Krwawa wojna domowa i rewolucja kulturalna powiększyły jeszcze liczbę ofiar reżimu. Represje dotknęły 100 milionów obywateli Chin, życie straciły trzy miliony, a uśmiechający się Mao błogosławił tym przedsięwzięciom z placu Niebiańskiego Spokoju. Wrogów ludu torturowano, nie darowano nawet ich żonom. "Zerwano z nich ubrania, ich ciała, a szczególnie pochwy, zostały podpalone pochodniami, a ich piersi zostały obcięte małymi nożami". Mao nie tylko uwielbiał publiczne egzekucje, ale gromadził na nich tłumy i przymuszał do oglądania krwawych widowisk. Wyrafinowane tortury były na porządku dziennym, a czasami grzebano nieszczęśników żywcem. Śmierć za jego rządów zbierała obfite żniwo.

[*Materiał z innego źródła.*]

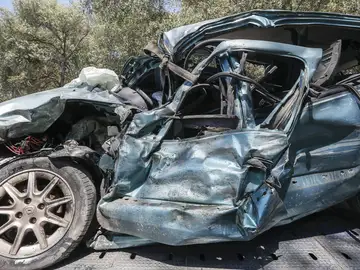 Muere una persona en una colisión frontal en Hinojos Muere una persona en una colisión frontal en Hinojos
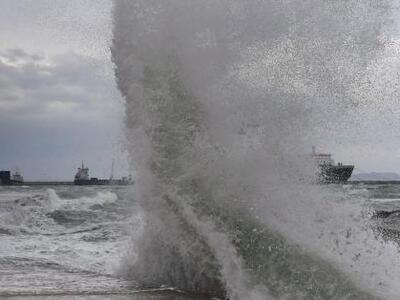 Δριμύ ψύχος, σφοδροί άνεμοι σε όλη τη χώ...
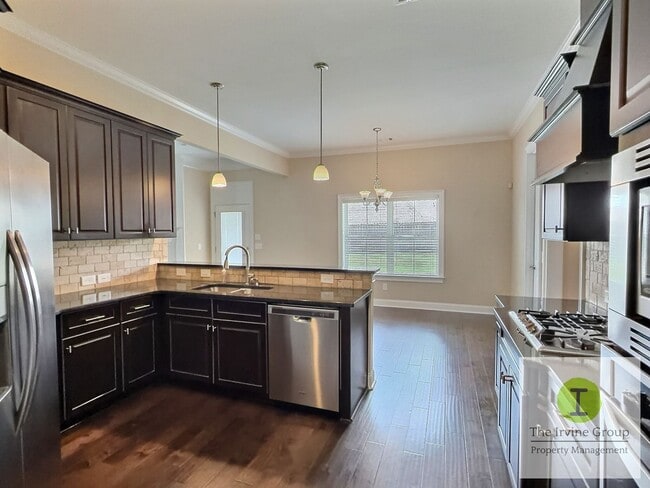 Building Photo - 6 bed, 3.5 bath in Prattville!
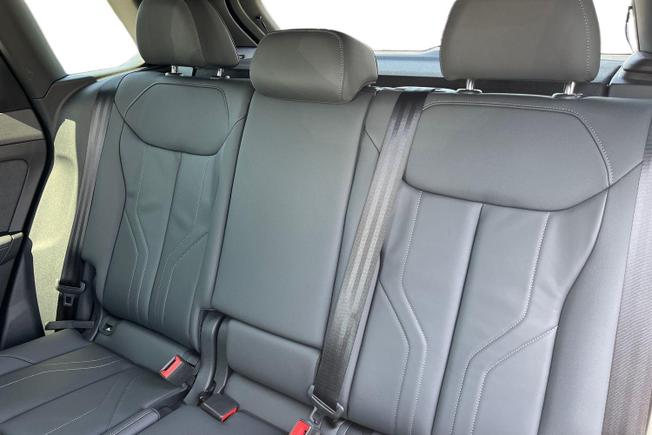 AUDI Q3 Photo 9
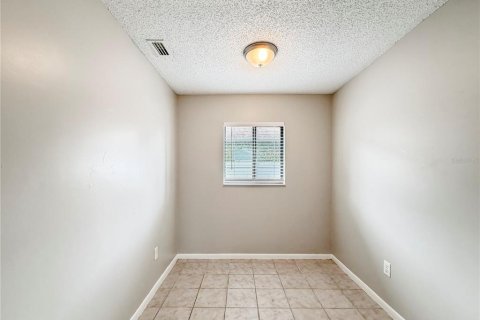 Villa ou maison à louer à Palm Coast, Floride: 3 chambres, 147.81 m2 № 2109262 - photo 8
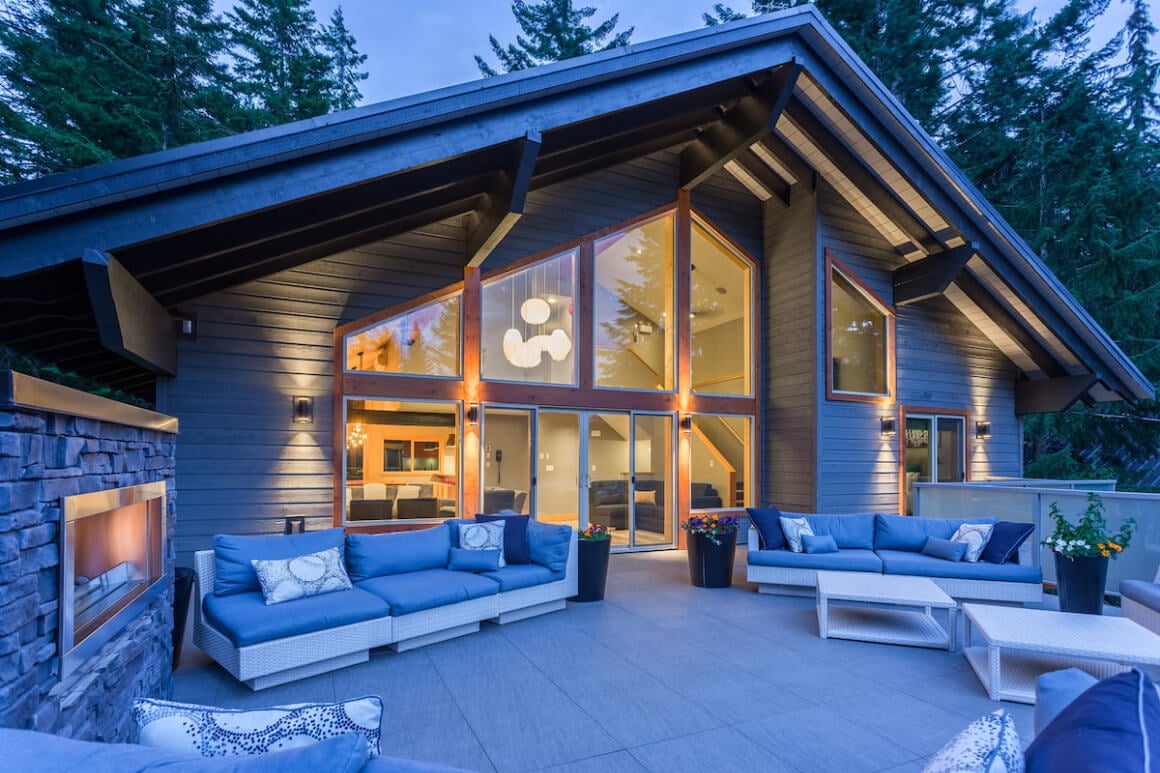 11-Bed Lakeside Chalet with Spa and Yoga Room, Whistler Blackcomb, British Colombia, Canada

PRZECZYTAJ: Kochanki króla Stasia
Miliony ofiar
Podczas jego rządów w Chinach wybudowano sieć obozów koncentracyjnych. Praca przymusowa, egzekucje bez wyroków, tortury oraz upadek rolnictwa i klęska głodu dziesiątkowały chińską prowincję. Na potworną śmierć skazywano całe rodziny, nawet razem z malutkimi dziećmi - np. wszystkich wiązano, przyczepiono do nóg kamienie i wrzucano do łodzi, którą puszczano z prądem rzeki.
Mao pozostawił po sobie zgliszcza i miliony własnych rodaków, zakatowanych na śmierć przez strażników jego tyranii. Bez skrupułów terroryzował swoich przeciwników politycznych oraz zwykłych ludzi. Wymordował więcej osób niż Hitler i Stalin łącznie. Dla porównania - liczba ofiar hitleryzmu to ok. 25 milionów, a stalinizmu - 20-30 milionów.